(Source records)
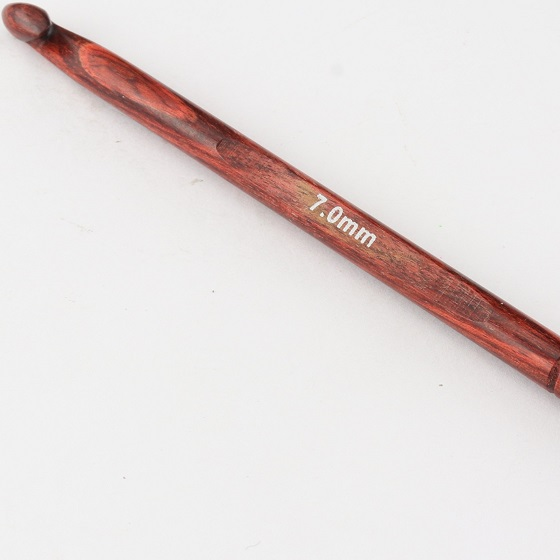 KnitPro|Dreamz Interchangeable Tunisian Crochet Hooks|Birchwood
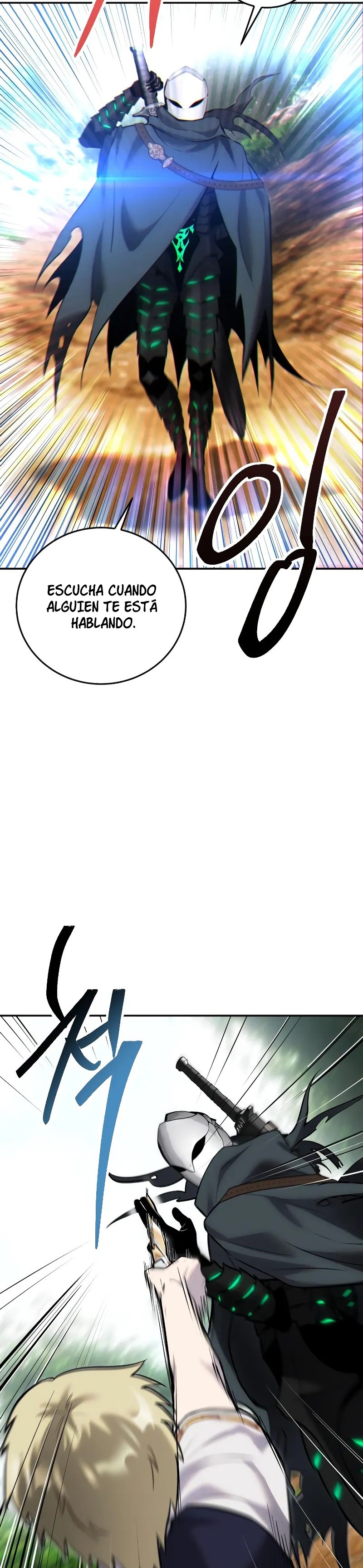 Era más fuerte que el héroe, así que oculté mi poder Capitulo 12 página 45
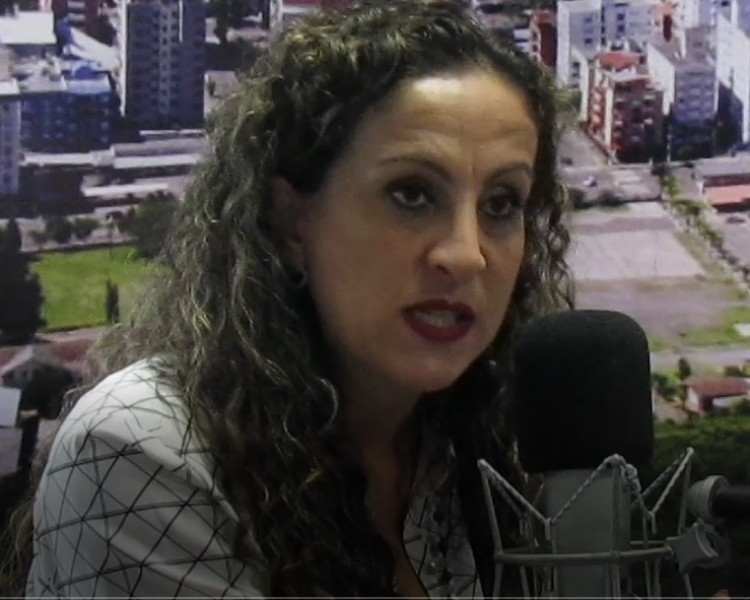  Ana Affonso participa de entrevista na Rádio Nova Progresso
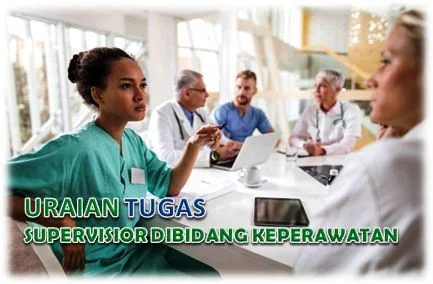 Tugas Supervisior Dibidang Keperawatan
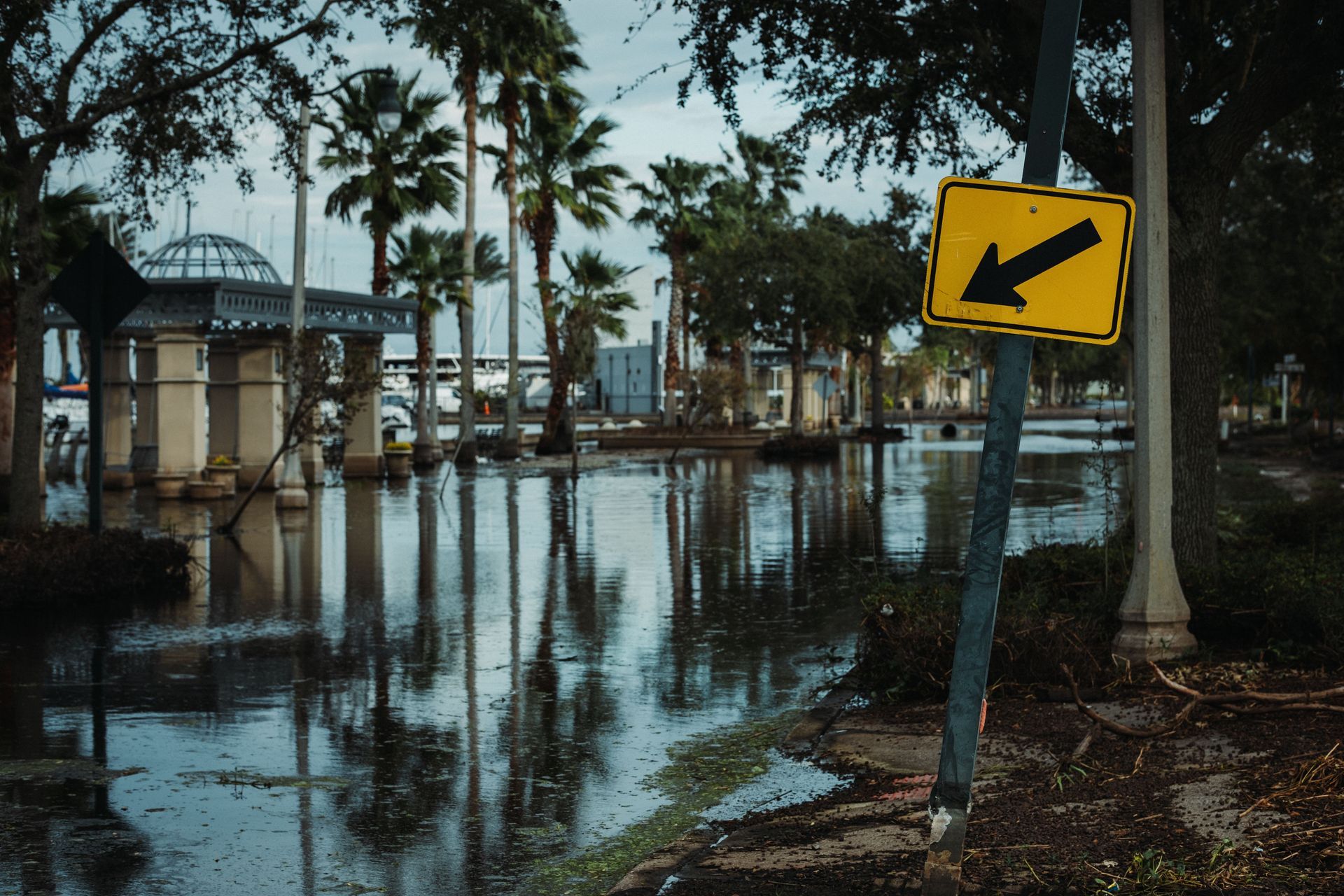 Miami storm damage restoration after hurricane impact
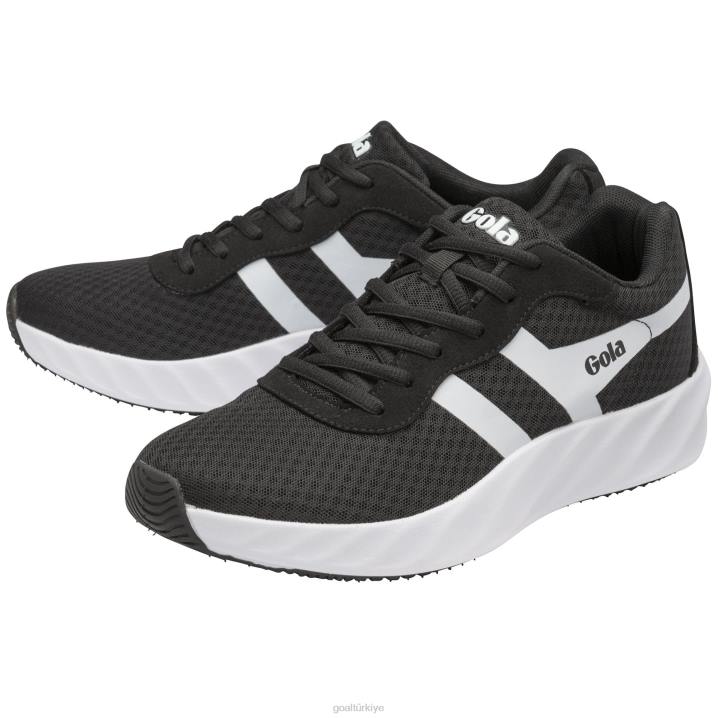 ayakkabı Z2PF120 erkekler Gola performans draken spor ayakkabı siyah beyaz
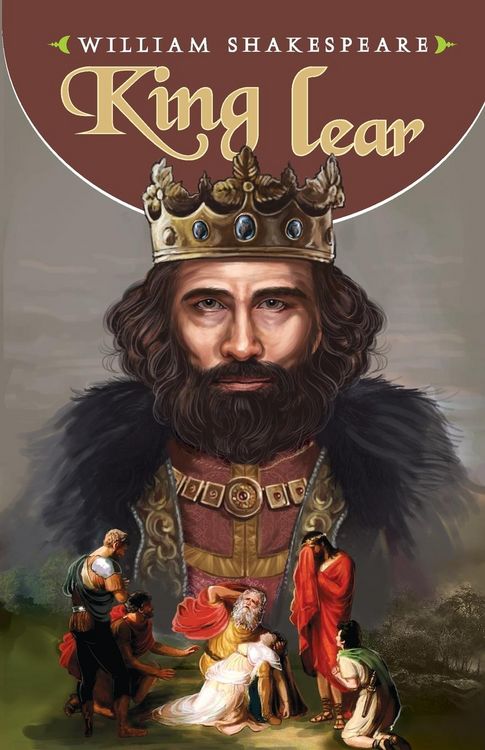 Produktbild: King Lear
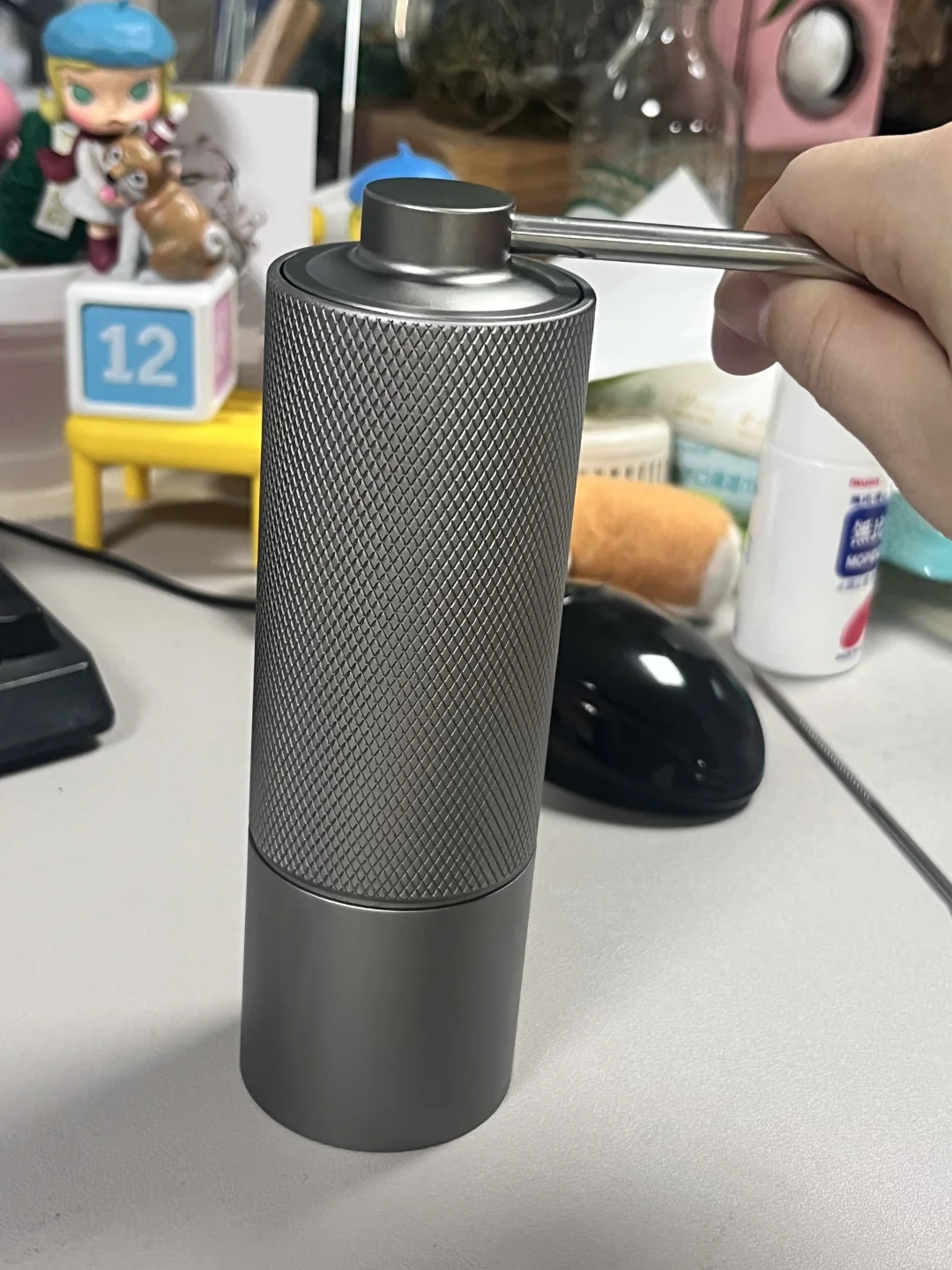 手摇磨豆机让我实现咖啡自由了!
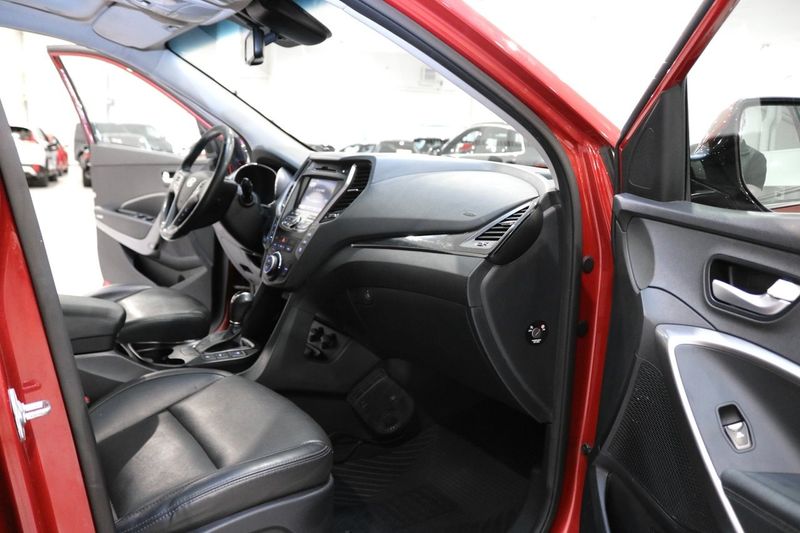Hyundai Grand Santa Fe bild 14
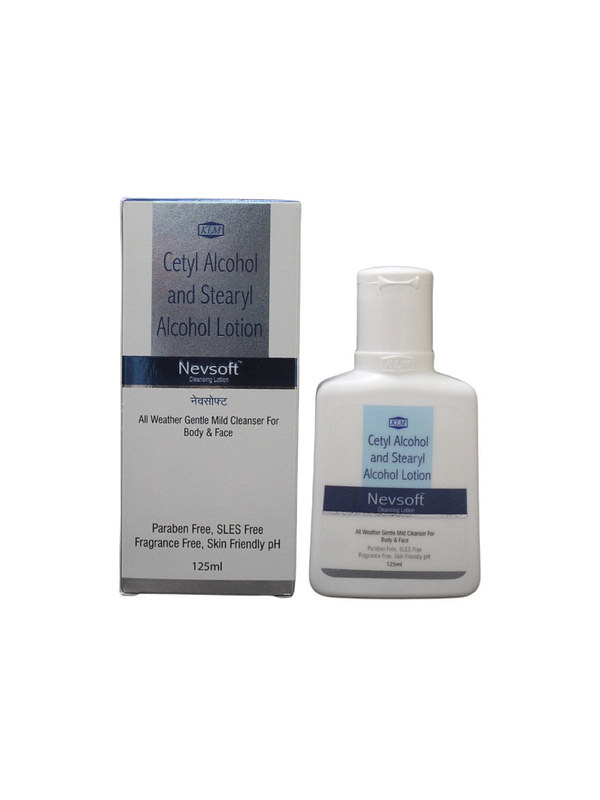 Nevsoft Cleansing Lotion 125ml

**What needs to be done**
Leave the pictures behind and transcribe every record above exactly.

**Solved problem**
 KnitPro|Dreamz Interchangeable Tunisian Crochet Hooks|Birchwood
 Era más fuerte que el héroe, así que oculté mi poder Capitulo 12 página 45
  Ana Affonso participa de entrevista na Rádio Nova Progresso
 Tugas Supervisior Dibidang Keperawatan
 Miami storm damage restoration after hurricane impact
 ayakkabı Z2PF120 erkekler Gola performans draken spor ayakkabı siyah beyaz
 Produktbild: King Lear
 手摇磨豆机让我实现咖啡自由了!
Hyundai Grand Santa Fe bild 14
 Nevsoft Cleansing Lotion 125ml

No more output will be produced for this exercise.